I recently read an article about the increasingly popularity of child-free weddings, and in the comments section, one mother stated that couples who don’t want to take the chance of having the most important day of their lives ruined by screaming, tantrum-throwing children are “rude” and “selfish”. She bemoaned the cost of hiring a babysitter, as if a couple who is likely spending tens of thousands of dollars on their wedding will have any sympathy for that. Another commentator accused her of being a “helicopter mom”, a label which she eagerly accepted. She said that her children are her life, and she NEVER wants to be away from them, not even for a few hours. That is just flatly insane. Parents need to remember that there is more to life than just their children. They theoretically still have each other, as well as jobs, friends, and other responsibilities, and from time to time, could use a break. Any parent who couldn’t occasionally use an hour, a day, or even a week away from their children has their priorities hopelessly out of wack.
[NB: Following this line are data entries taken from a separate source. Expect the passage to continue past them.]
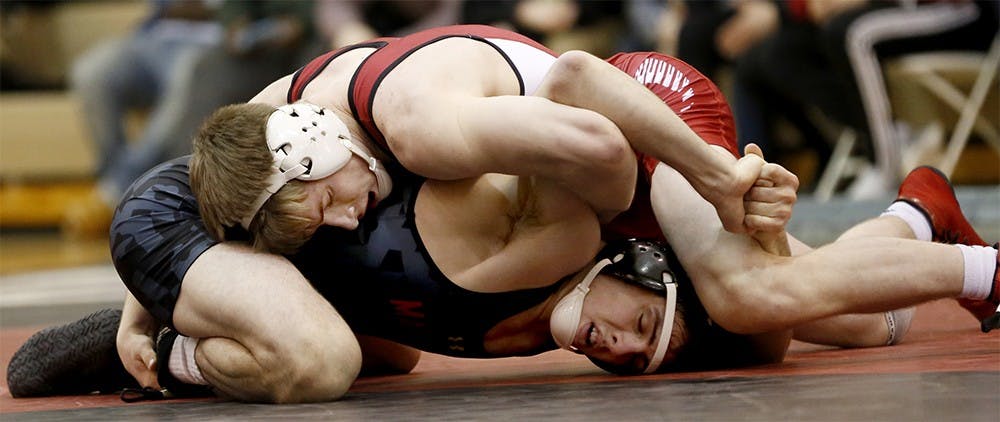 Then-freshman, now senior, Bryce Martin wrestles against Maryland during the 2015-16 season at the University Gym.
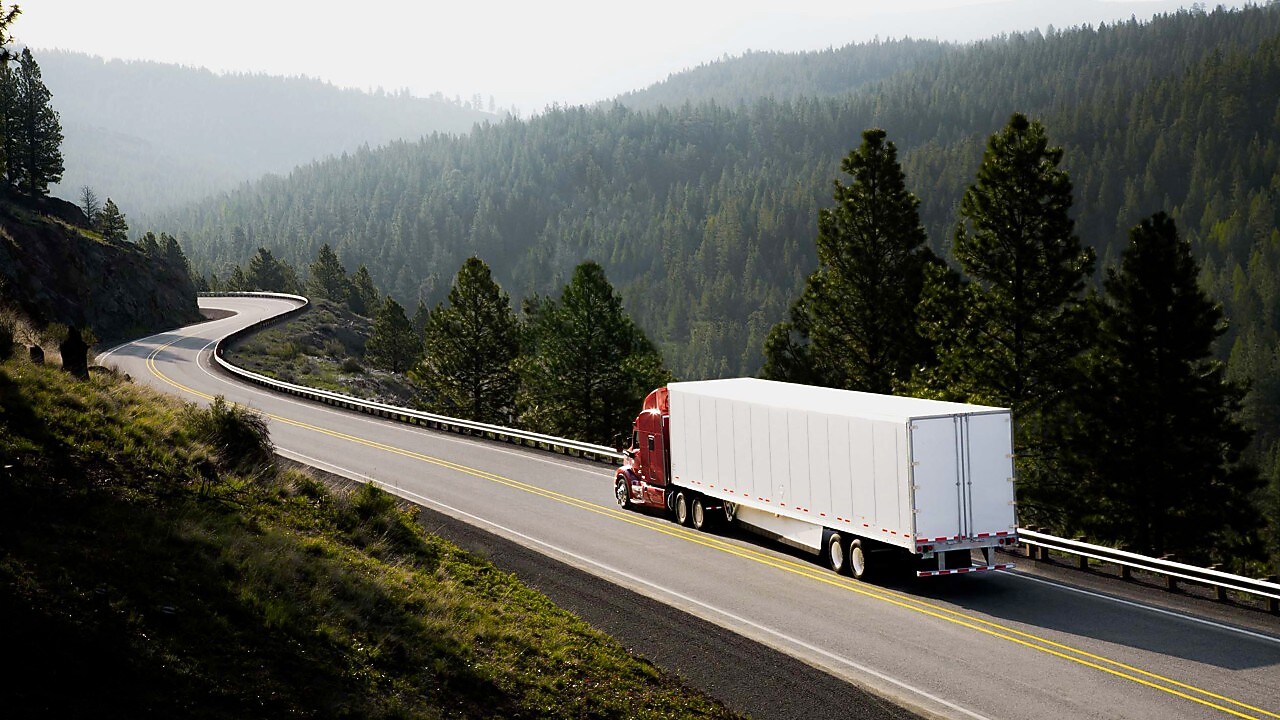 Camion care rulează pe un drum șerpuitor dintr-o zonă de munte, cu păduri de conifere.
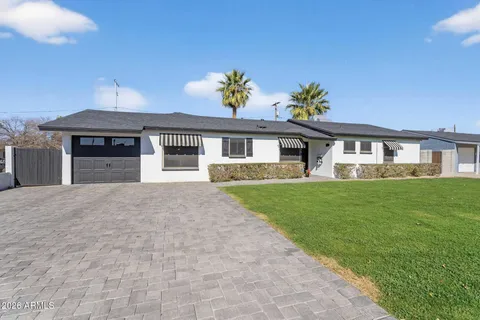 a front view of a house with a garden and yard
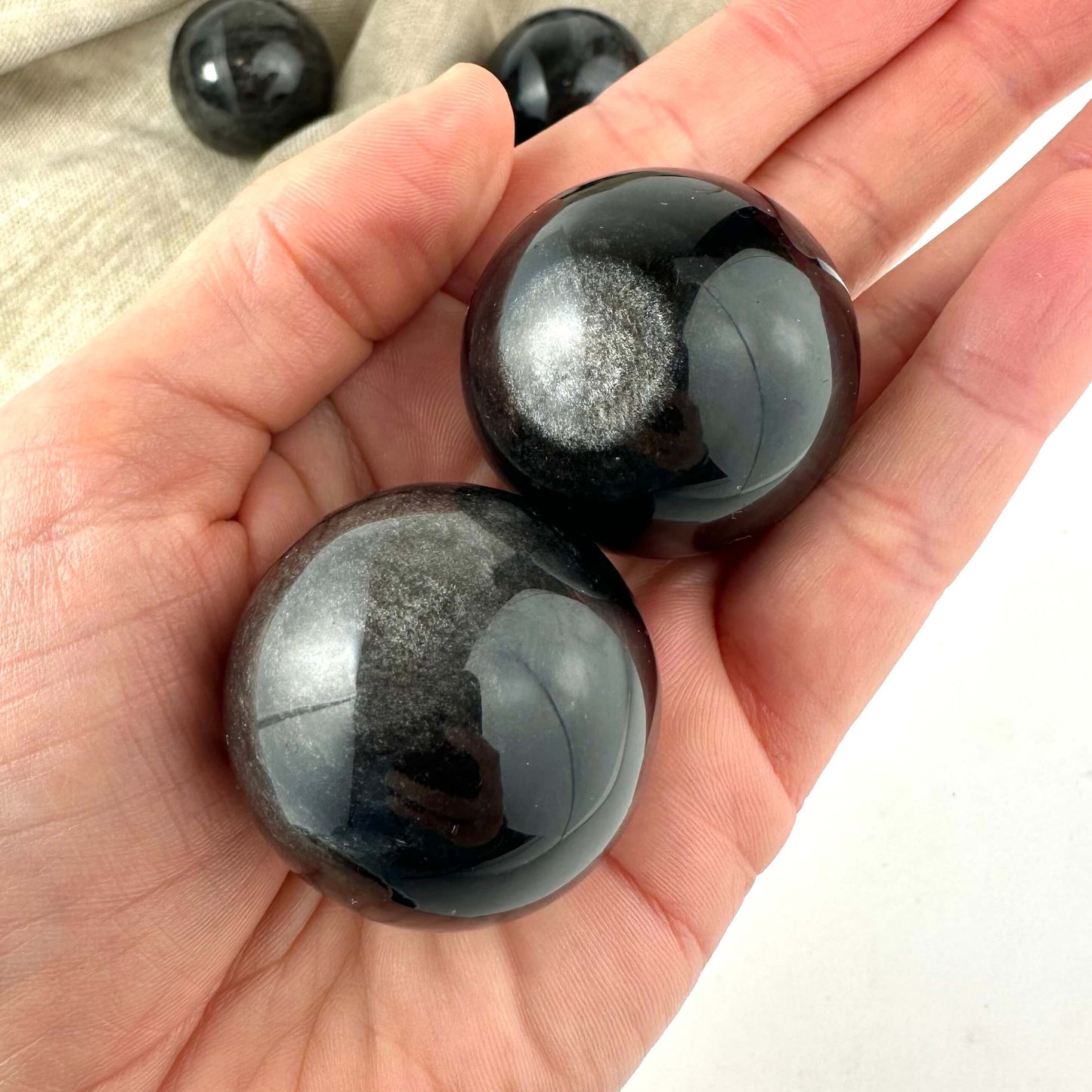 Hånden holder to glatte Obsidian gylden kugler med reflekterende overflade. En beige baggrund ses delvist.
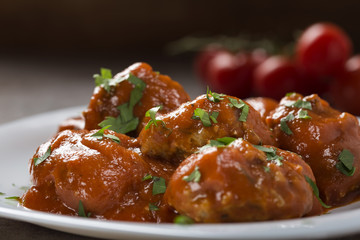 Meatballs with tomato sauce and fresh chopped parsley on plate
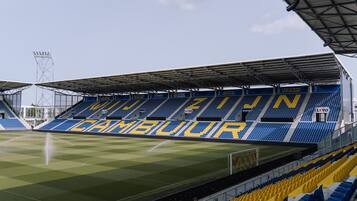 A stadium with blue and yellow seating, a roof structure, and a visible scoreboard.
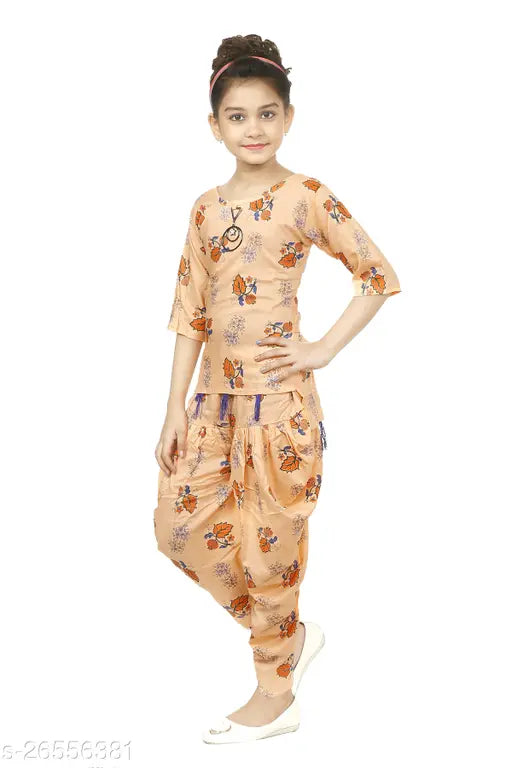 Girls Cotton Linen Orange A-line Top & Dhoti Pants Set, traditional yet contemporary blend. Quality cotton linen, comfortable elastic waistband, embroidery lace design. Versatile for festivals, cultural events, or family gatherings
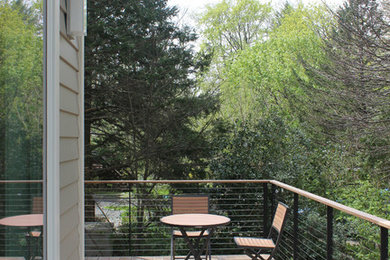 Example of a trendy backyard deck design in New York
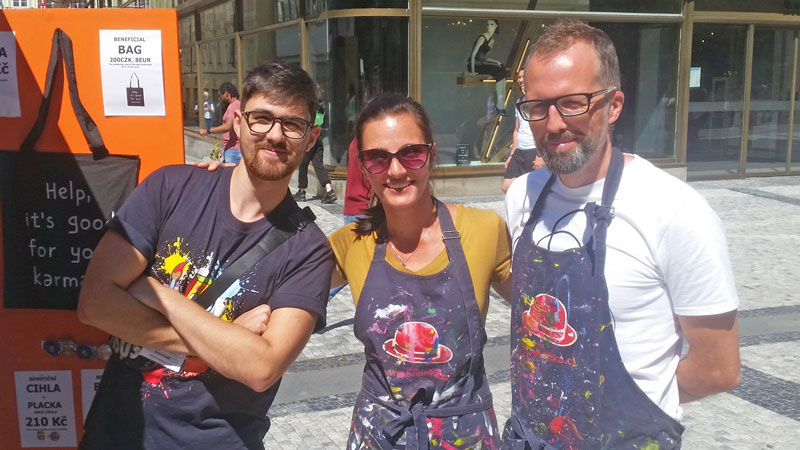 two men and a woman with paint splattered aprons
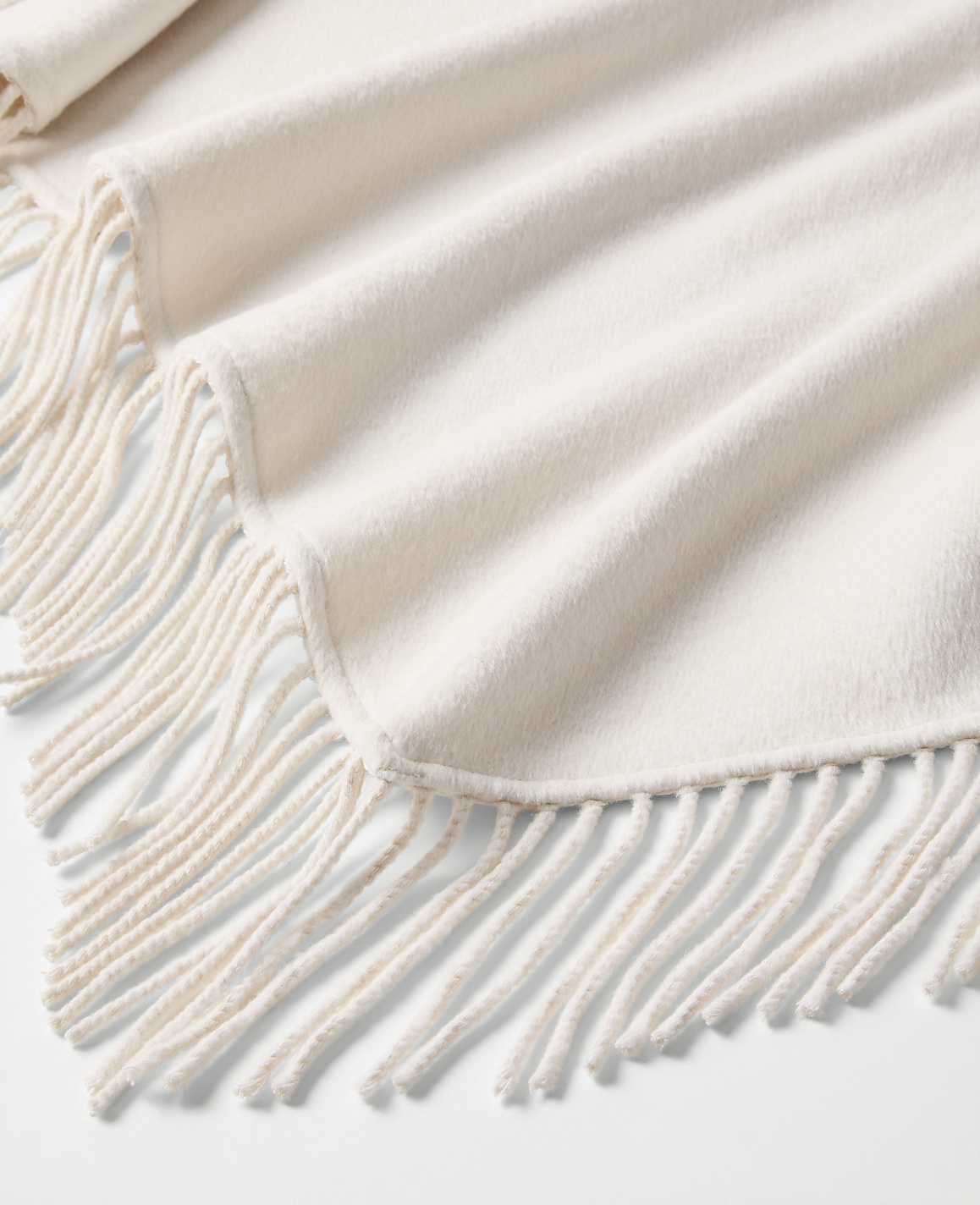 A cream-colored fringed blanket is draped in soft folds over a plain white background.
This is all easy for an as-of-yet unmarried, childless 30-something to say, but looking back on how I grew up, and seeing what’s going on with the youngsters of the new millennium, I fear for their future. My parents taught me to be respectful of others. They taught me to never start a fight, but to stand up for myself if one should arise. They practically had to drag me inside when the streetlights came on at night. They taught me the difference between right and wrong without sanitizing the whole world for me. They taught me that I had to work for what I wanted, that I wasn’t entitled to anything, above anyone else by default.
I plan on raising my future children the same way. I plan on protecting them, but letting them experience the world- every last good, bad and ugly bit of it. I will teach them to speak well, take care of their bodies, and that there is so much greatness beyond the computer monitor or smartphone. I will undoubtedly get frustrated with them at times, and will surely need a break, if only for an hour. While children are very time-consuming, especially while they’re young, I will do my best to practice balance. I will have a wife, a job, friends, and the need for time alone. I will raise them to work hard, and teach them right from wrong without sheltering them from everything they may encounter in life, good or bad. They will need to know that one day they will have to function without me, and I will not have them flailing about when they are shoved into the real world, thinking that they will be handed anything. I will have them as prepared as possible for everything life can throw at them, and everything else, they’ll learn from the movies.